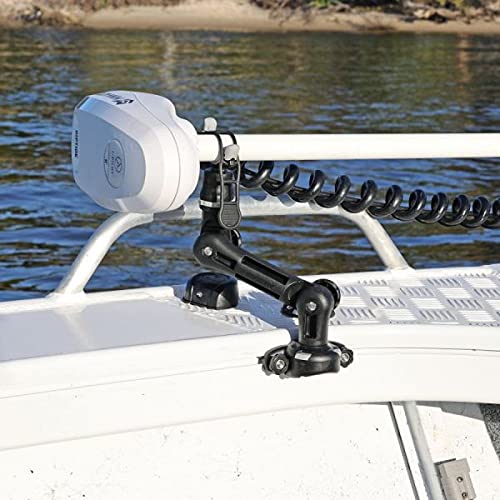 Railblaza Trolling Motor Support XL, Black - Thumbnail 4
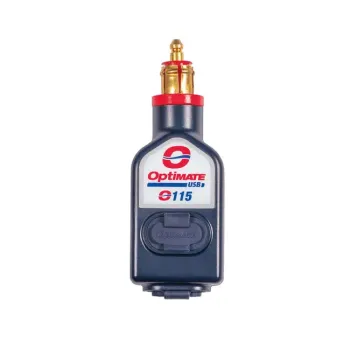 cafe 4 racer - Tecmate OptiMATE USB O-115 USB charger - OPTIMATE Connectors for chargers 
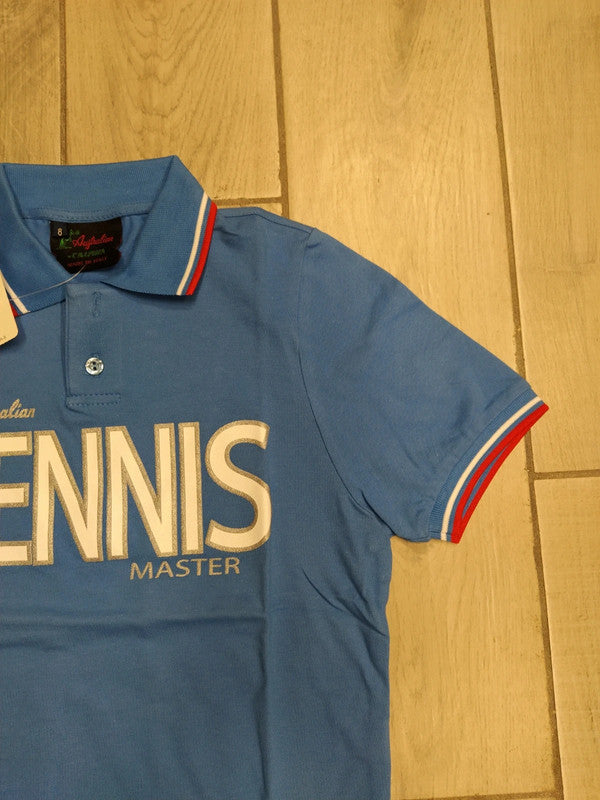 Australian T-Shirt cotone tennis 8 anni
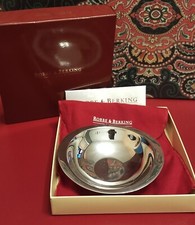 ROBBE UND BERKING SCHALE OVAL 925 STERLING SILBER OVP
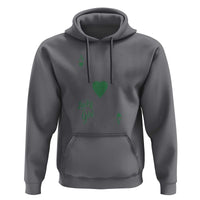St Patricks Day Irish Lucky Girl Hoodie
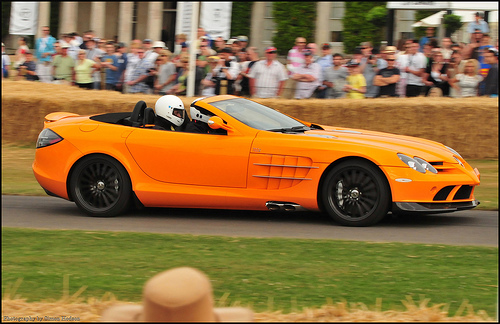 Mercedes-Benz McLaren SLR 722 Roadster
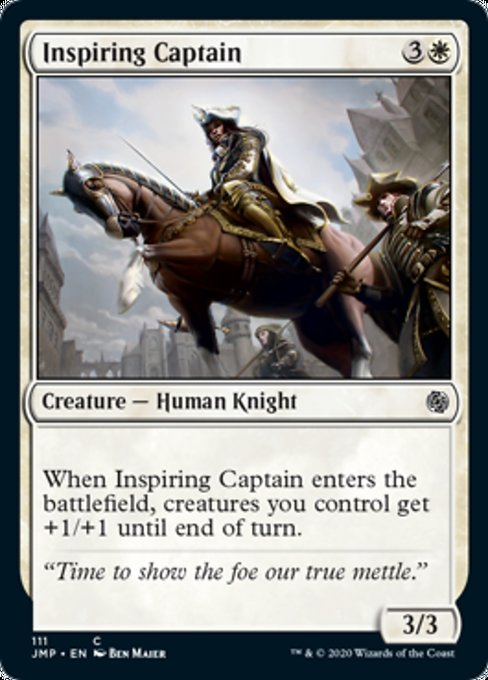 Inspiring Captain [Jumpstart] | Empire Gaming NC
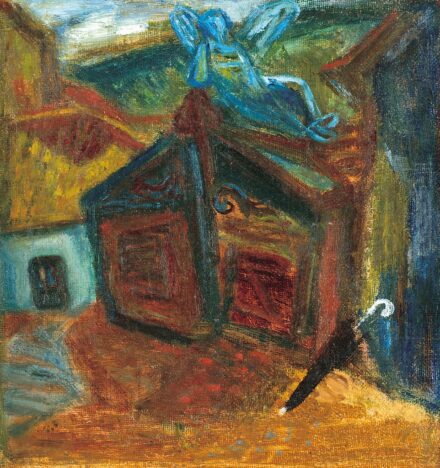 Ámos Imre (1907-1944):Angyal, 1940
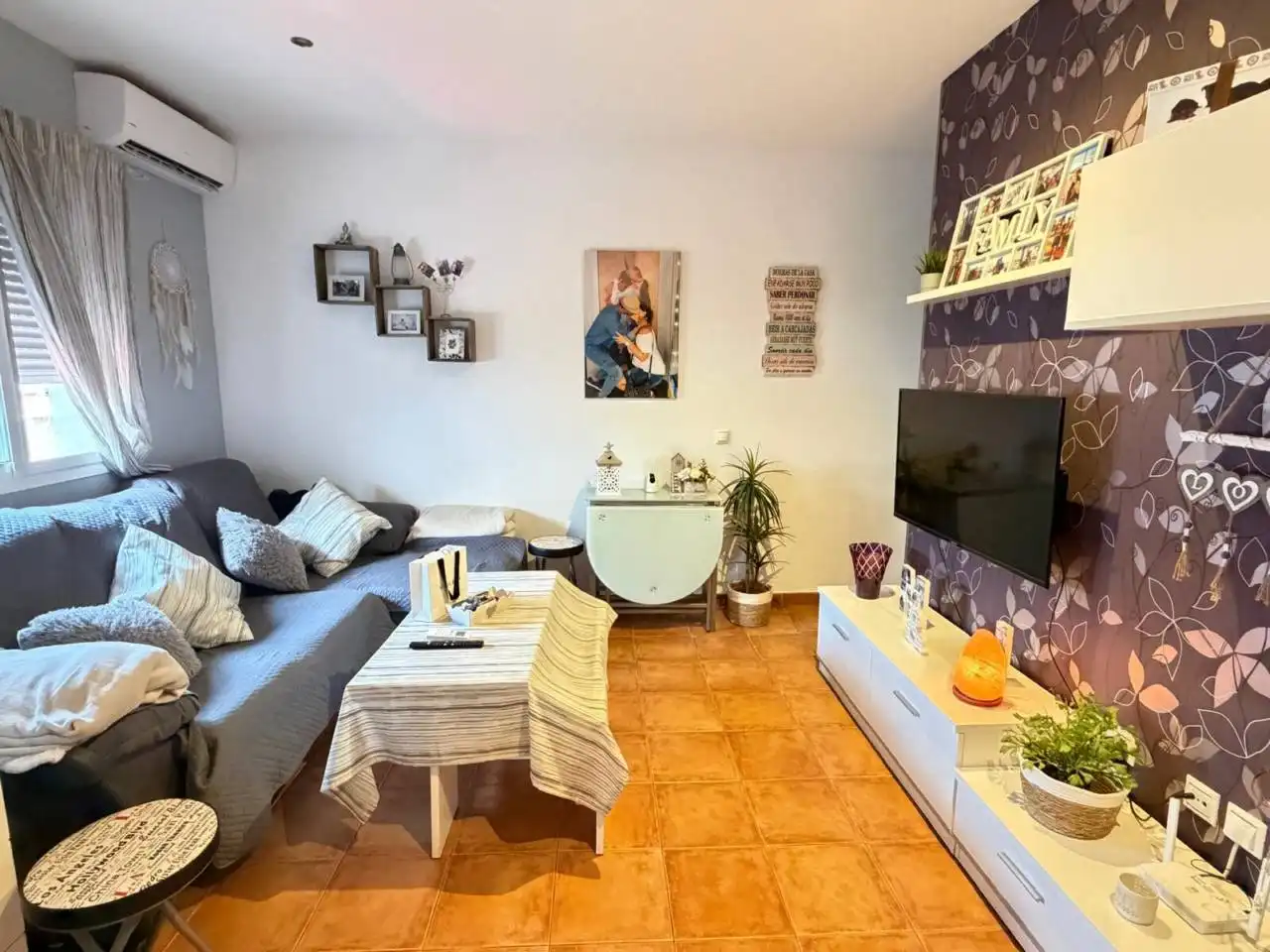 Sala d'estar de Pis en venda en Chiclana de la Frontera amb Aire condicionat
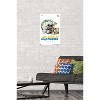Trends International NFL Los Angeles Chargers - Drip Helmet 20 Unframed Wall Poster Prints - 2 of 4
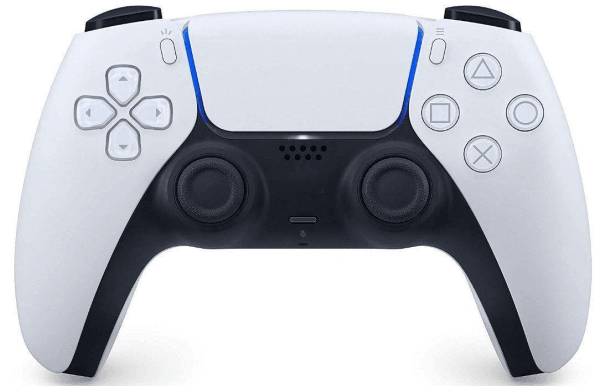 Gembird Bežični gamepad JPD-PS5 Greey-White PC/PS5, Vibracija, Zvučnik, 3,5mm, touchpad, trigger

________________

Word for word, repeat each record above; leave out every picture.

 Railblaza Trolling Motor Support XL, Black - Thumbnail 4
 cafe 4 racer - Tecmate OptiMATE USB O-115 USB charger - OPTIMATE Connectors for chargers 
 Australian T-Shirt cotone tennis 8 anni
 ROBBE UND BERKING SCHALE OVAL 925 STERLING SILBER OVP
St Patricks Day Irish Lucky Girl Hoodie
 Mercedes-Benz McLaren SLR 722 Roadster
 Inspiring Captain [Jumpstart] | Empire Gaming NC
 Ámos Imre (1907-1944):Angyal, 1940
 Sala d'estar de Pis en venda en Chiclana de la Frontera amb Aire condicionat
Trends International NFL Los Angeles Chargers - Drip Helmet 20 Unframed Wall Poster Prints - 2 of 4
 Gembird Bežični gamepad JPD-PS5 Greey-White PC/PS5, Vibracija, Zvučnik, 3,5mm, touchpad, trigger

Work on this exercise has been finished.